Went and got this kit back a few years ago and have had it packed away until a month or 2 ago when I pulled it out and began working on it again.
The chassis is pretty much finished except for the radiator. anyway the instruction sheets show 3 radiator hoses on the parts trees, 1 of which is chromed, part #167 and part #51 the lower hose both of which the instruction clearly show where these 2 parts go. But a 3rd hose part #88 the instruction do not show where this hose goes. so any one know where #87 goes or is it just an extra hose??
Also there are 3 fan belts, 2 of which the instructions show where they go, but the 3rd belt part #9 the instructions do not show where this part goes.


----------



## irishtrek (Sep 17, 2005)

Does any body know if these 2 pieces are supposed to be on this kit or are they just extras??? Any body??


----------



## Milton Fox Racing (May 27, 2014)

I tried googling kenworth t600 and found some images of both the 1:1 engines and some photos of what looks like model kits. Try that and see if you can tell from them. You may be also able to find some spec drawings or repair manual diagrams on line that show where those pieces are supposed to fit. Good luck!


----------



## irishtrek (Sep 17, 2005)

I've already googled the Kenworth t600 only to discover the AMT kit has the wrong chassis, in fact when they this kit what they did was create new molds for the cab and stuck the cab pieces onto an older Kenworth chassis from the 60s or 70s is what I discovered when I clicked on links for images of others builds of this kit.


----------



## Milton Fox Racing (May 27, 2014)

Sorry to hear that. If you dont get any answers in this section we can move your thread to the genral modeling section or you can try reposting your question there.


----------



## irishtrek (Sep 17, 2005)

it's been a week now since I started this thread so go ahead and move it to the modeling section if you would MFR, thank you.


----------



## terryr (Feb 11, 2001)

The T600s were easy to spot. They had rubber skin....Oooops, wrong thing.


----------



## Milton Fox Racing (May 27, 2014)

terryr said:


> The T600s were easy to spot. They had rubber skin....Oooops, wrong thing.


----------



## djnick66 (May 2, 2008)

AMT used some of the same parts for several trucks. basically they just changed the cab or engine for a cosmetic version of a new truck


----------



## irishtrek (Sep 17, 2005)

djnick66 said:


> AMT used some of the same parts for several trucks. basically they just changed the cab or engine for a cosmetic version of a new truck


As I pointed out in post number 4 of this thread.


----------



## djnick66 (May 2, 2008)

irishtrek said:


> As I pointed out in post number 4 of this thread.
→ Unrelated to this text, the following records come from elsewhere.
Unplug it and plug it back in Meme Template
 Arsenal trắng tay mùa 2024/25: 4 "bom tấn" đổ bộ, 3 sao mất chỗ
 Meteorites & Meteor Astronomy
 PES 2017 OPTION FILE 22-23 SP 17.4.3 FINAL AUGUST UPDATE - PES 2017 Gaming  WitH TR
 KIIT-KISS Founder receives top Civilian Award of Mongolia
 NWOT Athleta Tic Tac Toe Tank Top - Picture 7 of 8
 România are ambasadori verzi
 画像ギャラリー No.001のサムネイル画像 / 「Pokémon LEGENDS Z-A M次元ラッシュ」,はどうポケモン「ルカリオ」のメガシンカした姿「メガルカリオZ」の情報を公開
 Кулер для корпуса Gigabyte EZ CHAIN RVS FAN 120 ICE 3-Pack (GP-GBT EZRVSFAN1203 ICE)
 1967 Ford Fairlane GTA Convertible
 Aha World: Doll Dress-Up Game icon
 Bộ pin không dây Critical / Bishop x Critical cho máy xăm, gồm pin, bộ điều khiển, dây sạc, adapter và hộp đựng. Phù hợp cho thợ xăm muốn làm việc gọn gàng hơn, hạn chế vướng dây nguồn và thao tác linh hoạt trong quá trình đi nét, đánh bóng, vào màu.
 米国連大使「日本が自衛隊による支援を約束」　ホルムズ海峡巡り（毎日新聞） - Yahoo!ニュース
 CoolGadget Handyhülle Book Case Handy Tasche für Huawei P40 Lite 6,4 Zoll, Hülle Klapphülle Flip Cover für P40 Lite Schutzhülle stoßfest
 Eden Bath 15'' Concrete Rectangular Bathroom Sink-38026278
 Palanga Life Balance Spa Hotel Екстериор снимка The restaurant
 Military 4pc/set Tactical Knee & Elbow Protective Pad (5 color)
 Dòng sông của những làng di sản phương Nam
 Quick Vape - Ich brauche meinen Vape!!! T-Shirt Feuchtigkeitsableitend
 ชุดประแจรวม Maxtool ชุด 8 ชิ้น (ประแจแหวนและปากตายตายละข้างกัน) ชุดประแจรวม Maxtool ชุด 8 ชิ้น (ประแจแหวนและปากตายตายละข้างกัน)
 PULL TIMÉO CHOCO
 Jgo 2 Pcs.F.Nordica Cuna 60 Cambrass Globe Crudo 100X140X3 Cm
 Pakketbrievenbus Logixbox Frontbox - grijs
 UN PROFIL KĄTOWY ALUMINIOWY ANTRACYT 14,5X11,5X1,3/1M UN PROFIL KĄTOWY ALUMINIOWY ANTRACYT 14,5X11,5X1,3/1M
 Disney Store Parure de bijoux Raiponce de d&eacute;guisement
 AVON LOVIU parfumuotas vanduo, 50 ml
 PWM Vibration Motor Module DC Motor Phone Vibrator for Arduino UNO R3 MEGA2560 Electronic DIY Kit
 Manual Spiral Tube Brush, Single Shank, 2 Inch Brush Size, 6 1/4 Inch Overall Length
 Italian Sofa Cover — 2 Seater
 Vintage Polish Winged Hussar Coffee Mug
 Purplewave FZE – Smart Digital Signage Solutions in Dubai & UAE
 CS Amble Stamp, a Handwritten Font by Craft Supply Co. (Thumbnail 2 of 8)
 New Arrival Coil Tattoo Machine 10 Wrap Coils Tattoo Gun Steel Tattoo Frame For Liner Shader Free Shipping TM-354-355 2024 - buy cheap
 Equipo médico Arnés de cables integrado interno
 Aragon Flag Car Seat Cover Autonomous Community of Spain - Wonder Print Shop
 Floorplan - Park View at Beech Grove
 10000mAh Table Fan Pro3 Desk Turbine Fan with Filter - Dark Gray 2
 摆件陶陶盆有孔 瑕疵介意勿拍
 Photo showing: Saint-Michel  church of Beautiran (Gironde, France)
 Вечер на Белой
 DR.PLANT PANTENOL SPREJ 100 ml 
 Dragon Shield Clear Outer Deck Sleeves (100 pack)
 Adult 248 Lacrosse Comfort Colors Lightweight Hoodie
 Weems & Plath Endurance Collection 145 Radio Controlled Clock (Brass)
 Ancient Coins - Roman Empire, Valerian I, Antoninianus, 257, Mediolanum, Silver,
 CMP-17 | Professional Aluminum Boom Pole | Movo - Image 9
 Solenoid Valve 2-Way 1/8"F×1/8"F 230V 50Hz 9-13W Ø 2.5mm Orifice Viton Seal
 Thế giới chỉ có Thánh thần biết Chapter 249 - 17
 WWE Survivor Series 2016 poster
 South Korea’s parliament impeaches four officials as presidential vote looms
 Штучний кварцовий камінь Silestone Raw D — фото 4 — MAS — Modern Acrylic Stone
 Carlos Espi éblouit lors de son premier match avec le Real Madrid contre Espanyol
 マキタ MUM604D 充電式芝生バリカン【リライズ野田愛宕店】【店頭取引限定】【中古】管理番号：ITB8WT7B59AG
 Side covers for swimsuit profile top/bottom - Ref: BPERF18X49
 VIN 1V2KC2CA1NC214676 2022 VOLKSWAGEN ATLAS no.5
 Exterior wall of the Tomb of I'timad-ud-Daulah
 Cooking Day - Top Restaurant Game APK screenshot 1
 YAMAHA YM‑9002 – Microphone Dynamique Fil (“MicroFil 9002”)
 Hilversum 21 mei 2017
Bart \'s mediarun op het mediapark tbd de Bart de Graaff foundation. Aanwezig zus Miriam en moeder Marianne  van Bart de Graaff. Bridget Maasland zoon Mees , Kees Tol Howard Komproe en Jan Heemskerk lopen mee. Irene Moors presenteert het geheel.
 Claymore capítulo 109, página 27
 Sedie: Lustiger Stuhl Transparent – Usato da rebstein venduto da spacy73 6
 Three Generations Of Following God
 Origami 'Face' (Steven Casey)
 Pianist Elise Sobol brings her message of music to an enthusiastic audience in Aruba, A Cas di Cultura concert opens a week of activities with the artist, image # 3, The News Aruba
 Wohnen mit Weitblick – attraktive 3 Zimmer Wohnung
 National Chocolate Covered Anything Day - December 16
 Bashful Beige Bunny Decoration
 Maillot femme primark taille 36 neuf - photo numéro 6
Yup just reiterating that. To be fair most of those kits are pretty old. People weren't so savvy back then and couldn't look up info on the real thing so easily to see where AMT cheaped out.


----------



## irishtrek (Sep 17, 2005)

Found the info I was looking for, what I did was google the instruction for the old AMT Kenworth Alaskan Hauler which is the kit the chassis and engine came from, all AMT did was create new molds for the cab left out a few details from the instructions. Talk about a bunch of slackies.


----------